Dozens of people are dead following an attack on the town of Palma in northern Mozambique, according to a spokesperson from the country’s defence department.
Seven were killed trying to escape a siege on a hotel, said Omar Saranga. Hundreds of others, both locals and foreigners, were reportedly rescued.
The area has been under attack by Islamist militants since Wednesday. Witnesses have described hiding out while waiting to be rescued by boat, on a beach strewn with headless bodies.
Marine traffic websites showed a string of vessels around Palma, and the port of Pemba to the south, as people tried to escape by any means – cargo vessels, passenger ships, tugs and recreational boats.
What do we know of the rescue?
One contractor told the BBC many who escaped the hotel via convoy hid at the beach overnight on Friday and were evacuated by boat on Saturday morning.
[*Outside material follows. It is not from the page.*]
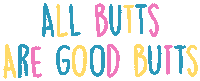 Butts Sticker by Marie Boiseau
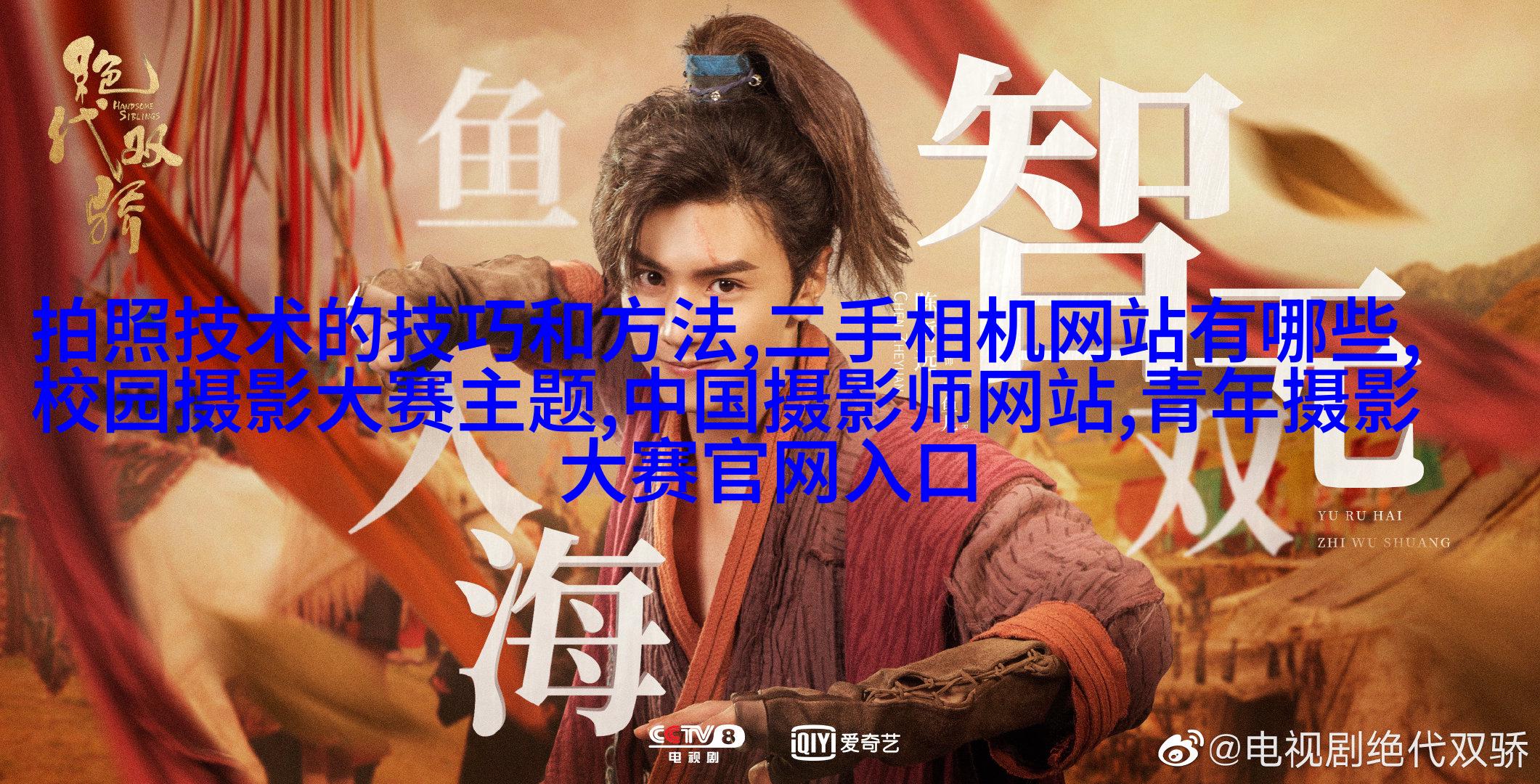 消防局推出2017慈善月历，找来消防员当猛男模特儿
He said more people were delivered to safety after him, and that the boats would be returning on Sunday to rescue more still.
He said civilians living and working in the area appeared to be co-ordinating the rescue effort.
“Local suppliers and companies, these guys were heroes of the entire operation. In the wee hours, they managed to co-ordinate and reach out to the evacuees on the beach and got them on to boats and got them into safety.”
“Where the hell was the support from big companies, from countries?” he asked.
One source close to the rescue operation told AFP news agency that a boat with about 1,400 people on board had arrived in the port town of Pemba, which is about 250km (155 miles) south of Palma, on Sunday afternoon.
Aid agencies said several more small boats packed with displaced people were en route to Pemba and likely to arrive overnight or on Monday morning.
What’s the situation now in Palma?
The exact number of casualties in Palma, a town of about 75,000 people in Cabo Delgado province, is unclear. Many are still unaccounted for.
The town and beaches are strewn with bodies “with heads and without”, according to Col Lionel Dyke, whose private security firm, Dyck Advisory Group, is contracted by the Mozambique police in the area.
The armed group is reported to have taken control of Palma, but those claims are hard to verify amid a communications blackout.